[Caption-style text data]
----
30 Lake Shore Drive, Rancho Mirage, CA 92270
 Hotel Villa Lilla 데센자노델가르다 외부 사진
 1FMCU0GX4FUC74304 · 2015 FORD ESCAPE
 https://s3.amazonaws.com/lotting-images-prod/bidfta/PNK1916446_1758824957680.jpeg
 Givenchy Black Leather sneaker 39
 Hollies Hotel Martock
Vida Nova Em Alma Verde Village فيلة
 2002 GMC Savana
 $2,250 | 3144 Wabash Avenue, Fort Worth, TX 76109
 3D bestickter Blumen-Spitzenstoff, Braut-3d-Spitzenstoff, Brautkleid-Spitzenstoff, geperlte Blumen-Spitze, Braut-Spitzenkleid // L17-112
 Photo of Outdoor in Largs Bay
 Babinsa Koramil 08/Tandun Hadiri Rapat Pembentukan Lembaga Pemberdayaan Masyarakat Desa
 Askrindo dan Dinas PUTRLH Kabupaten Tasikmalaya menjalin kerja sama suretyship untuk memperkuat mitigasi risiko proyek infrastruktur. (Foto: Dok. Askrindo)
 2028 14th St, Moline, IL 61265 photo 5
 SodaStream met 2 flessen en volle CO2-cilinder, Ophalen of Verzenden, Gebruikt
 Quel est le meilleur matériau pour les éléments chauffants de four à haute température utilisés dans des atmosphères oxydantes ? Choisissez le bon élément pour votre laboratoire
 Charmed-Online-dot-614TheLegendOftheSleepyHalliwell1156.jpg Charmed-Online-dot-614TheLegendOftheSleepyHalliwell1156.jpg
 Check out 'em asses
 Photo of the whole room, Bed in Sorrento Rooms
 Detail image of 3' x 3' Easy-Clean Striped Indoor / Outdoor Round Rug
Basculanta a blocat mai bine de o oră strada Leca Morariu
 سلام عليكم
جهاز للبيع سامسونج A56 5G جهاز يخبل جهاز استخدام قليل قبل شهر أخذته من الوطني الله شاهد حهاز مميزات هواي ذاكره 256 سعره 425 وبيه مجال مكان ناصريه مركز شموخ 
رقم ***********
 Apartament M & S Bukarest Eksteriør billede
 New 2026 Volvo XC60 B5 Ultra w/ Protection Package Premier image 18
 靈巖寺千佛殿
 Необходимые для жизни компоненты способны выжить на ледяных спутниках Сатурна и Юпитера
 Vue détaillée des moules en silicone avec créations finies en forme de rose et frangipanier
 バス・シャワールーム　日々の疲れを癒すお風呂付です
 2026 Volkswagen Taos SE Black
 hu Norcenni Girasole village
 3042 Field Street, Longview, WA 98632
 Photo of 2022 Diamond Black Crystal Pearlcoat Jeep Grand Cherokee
----
- [Task] In the lines above, spot each one that contains the word "Outdoor" and copy it.

- [Exercise solution]
 Photo of Outdoor in Largs Bay
 Detail image of 3' x 3' Easy-Clean Striped Indoor / Outdoor Round Rug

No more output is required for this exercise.